(Updated: March 01 2020 16:42)
Here are 23 statements or questions about statistics, mainly about regression, for you to ponder and comment on.
Is each statement true, false or does its truth depend on unstated conditions? In the last case, on what conditions does it depend on and how?
Warning: Almost every statement (but not all) expresses a widely held fallacy about statistics. Many professional statisticians are fooled by many of these statements.
Suppose you are studying how some measure of health is related to weight. You are looking at a multiple regression of health on height and weight but you observe that what you are really interested in is the relationship between health and excess weight relative to height. What you should do is to compute the residuals of weight on height and replace weight in the model with this new variable. The resulting coefficient of ‘excess weight’ will give a better estimate of the effect of excess weight.

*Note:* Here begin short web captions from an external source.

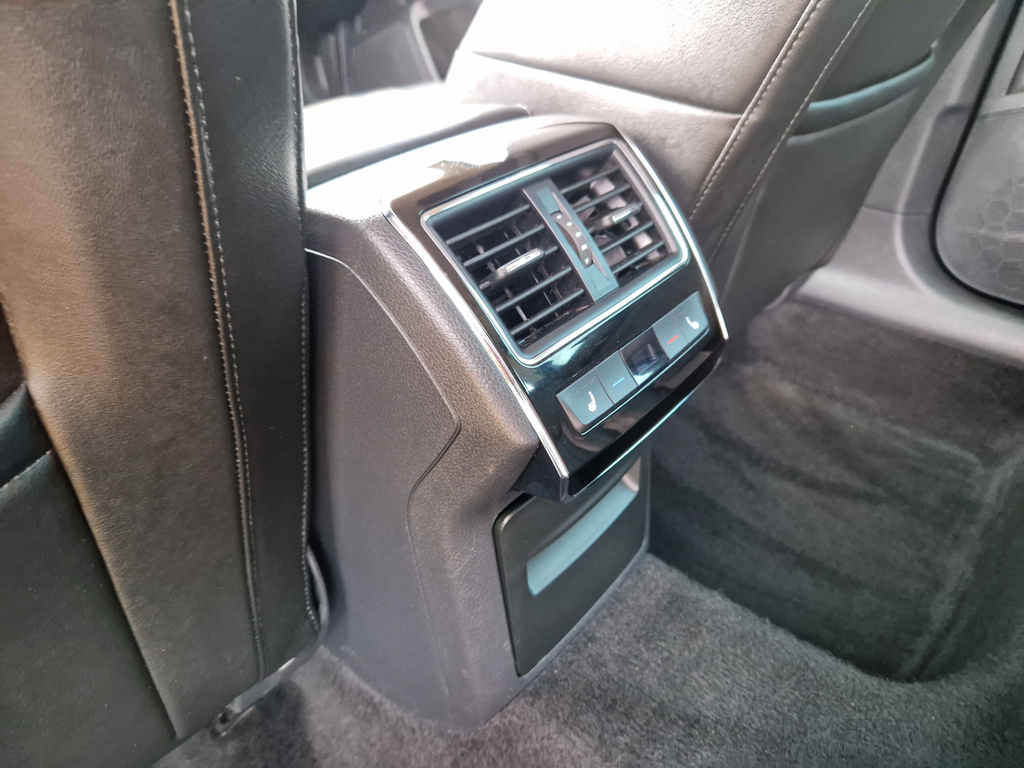 Skoda Superb 2.0L Se Technology Tdi 148 Bhp Grey #10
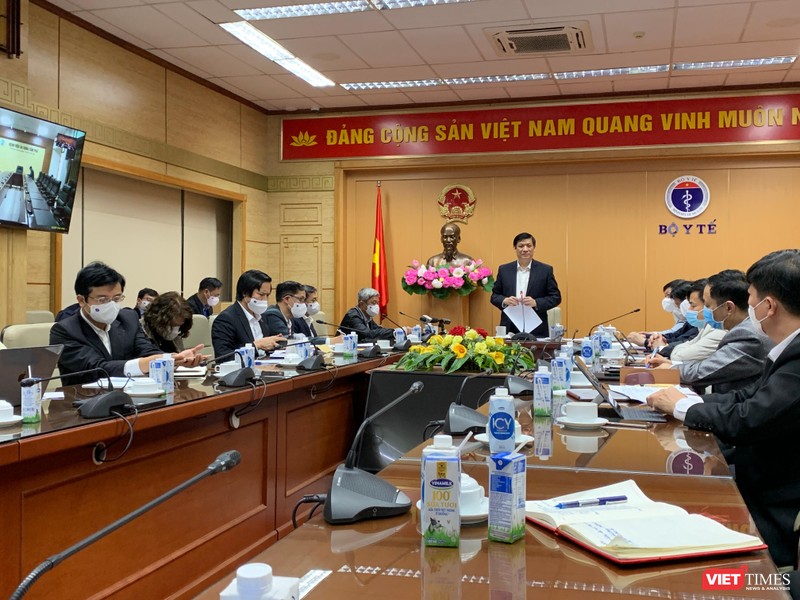 Bộ trưởng Bộ Y tế Nguyễn Thanh Long đã chủ trì cuộc họp đột xuất với Hải Dương và Quảng Ninh để ứng phó với tình hình dịch COVID-19 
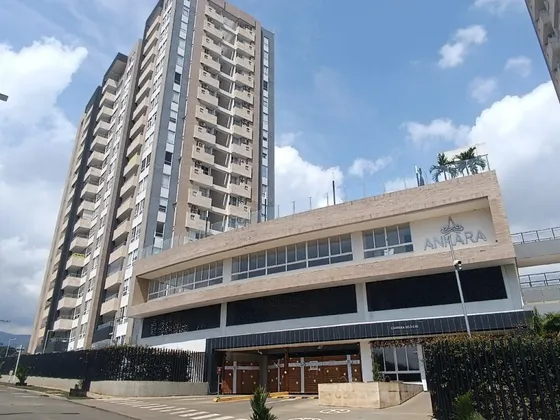 Venta De Hermoso Apartamento En Ciudad Jardín Sur De Cali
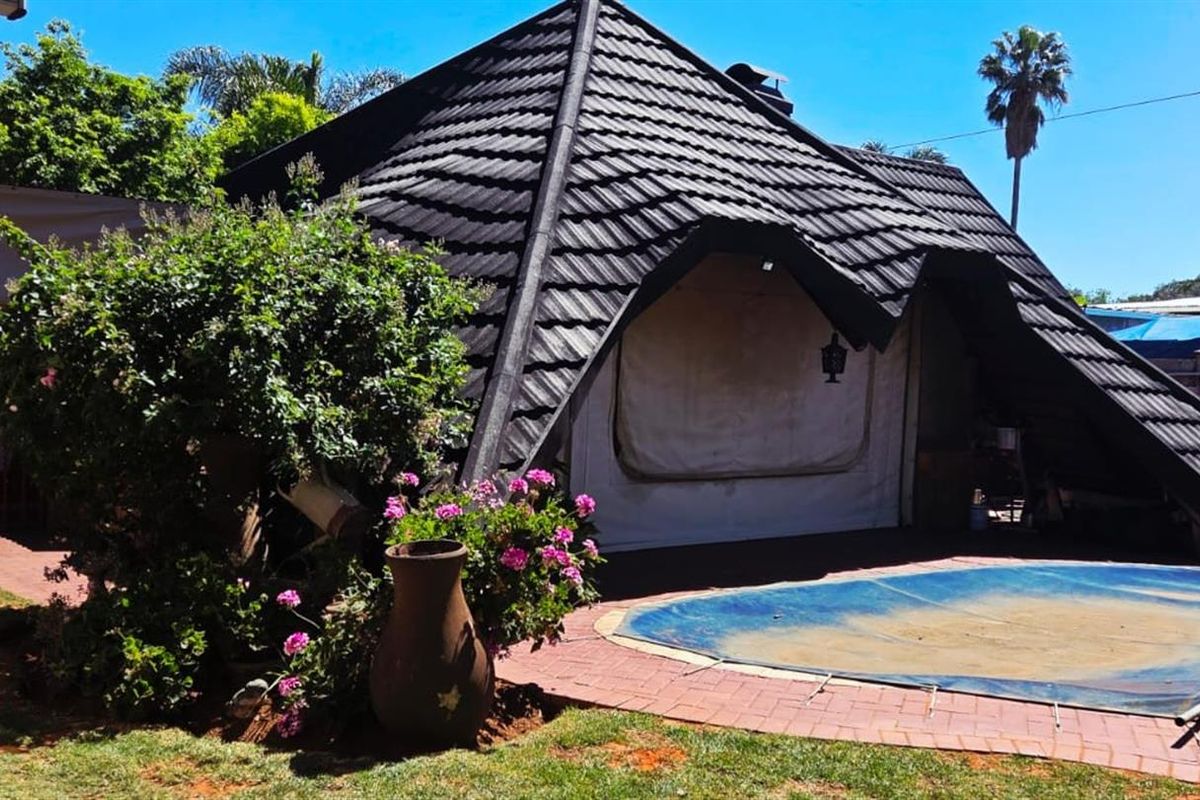 Big family home low maintenance garden with pool and entertainment area in Rhodesdene - Photo 4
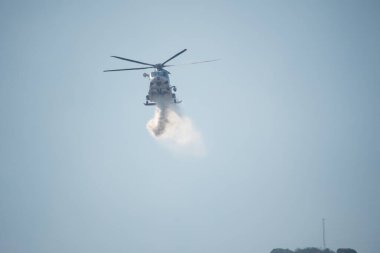 Chatsworth, California, ABD - 19 Ekim 2020: LAFD, LACFD ve VCFD 'den itfaiyeciler ve helikopterler Los Angeles ve Ventura' nın batısındaki Chatsworth tepelerinde bir çalı yangınıyla mücadele ediyor..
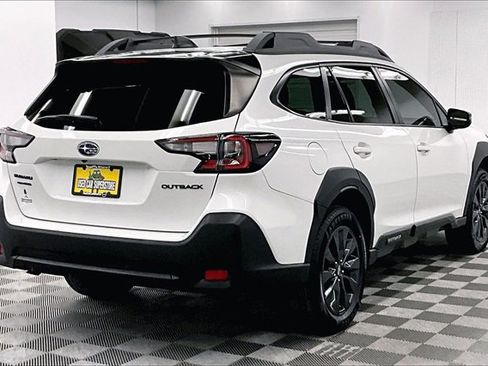 Used 2024 Subaru Outback Onyx Edition image 12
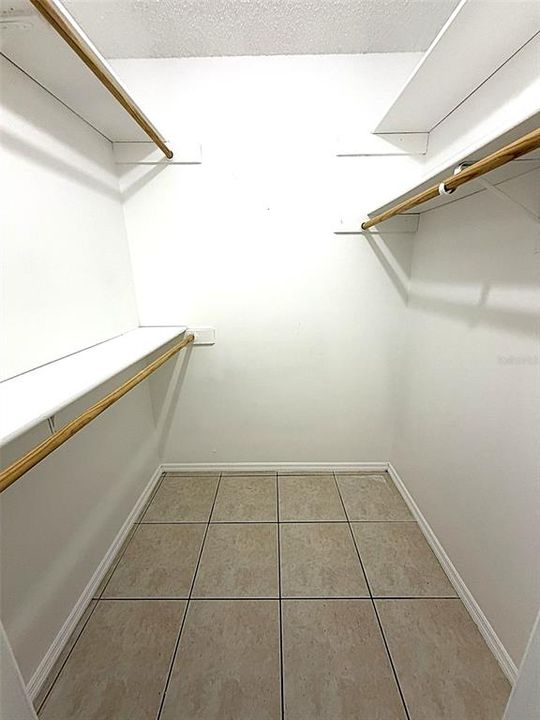 For Sale: $277,900 (3 beds, 2 baths, 1232 Square Feet)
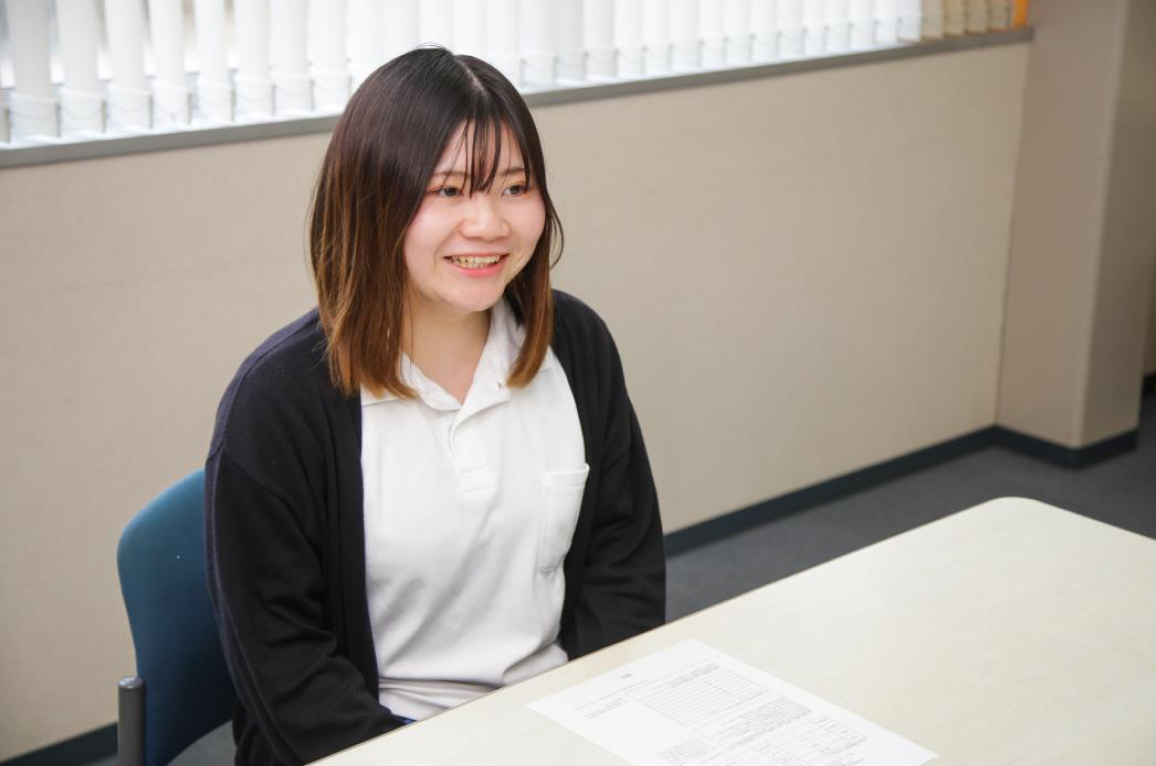 先輩社員インタビュー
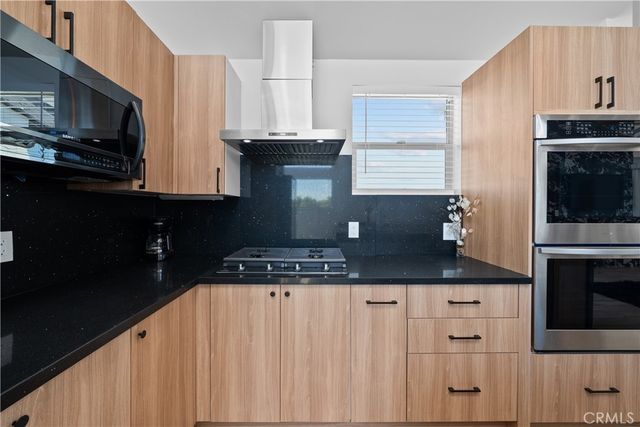 1013 E La Palma, Inglewood, CA 90301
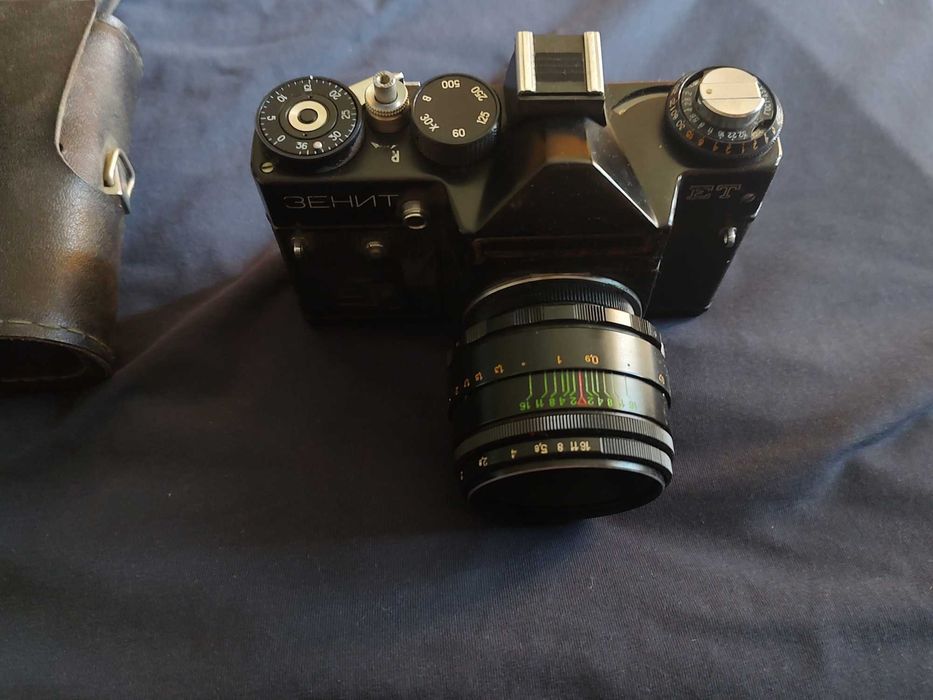 класически съветски огледално-рефлексен фотоапарат (SLR) Зенит ЕТ (на латиница: Zenit ET).  С обектив Helios-44.В отлично състояние.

Suppose you are studying observational data on the relationship between Health and Coffee (measured in grams of caffeine consumed per day). Suppose you want to control for a possible confounding factor ‘Stress’. In this kind of study it is more important to make sure that you measure coffee consumption accurately than it is to make sure that you measure ‘stress’ accurately.
A survey of students at York reveals that the average class size of the classes they attend is 130. A survey of faculty shows an average class size of 30. The students must be exaggerating their class sizes or the faculty under-reporting.
A survey of Canadian families yielded average ‘equity’ (i.e. total owned in real estate, bonds, stocks, etc. minus total owed) of $48,000. Aggregate government data of the total equity in the Canadian population shows that this figure must be much larger, in fact more than twice as large. This shows that respondents must tend to dramatically underreport their equity.
In a multiple regression of Y on three predictors, X1, X2 and X3, suppose the coefficients of each of X2 and X3, are not significant. It is safe to drop these two variables and perform a regression on X1 alone. Dropping the variables with non-significant coefficients results in a model that fits almost as well as the original model.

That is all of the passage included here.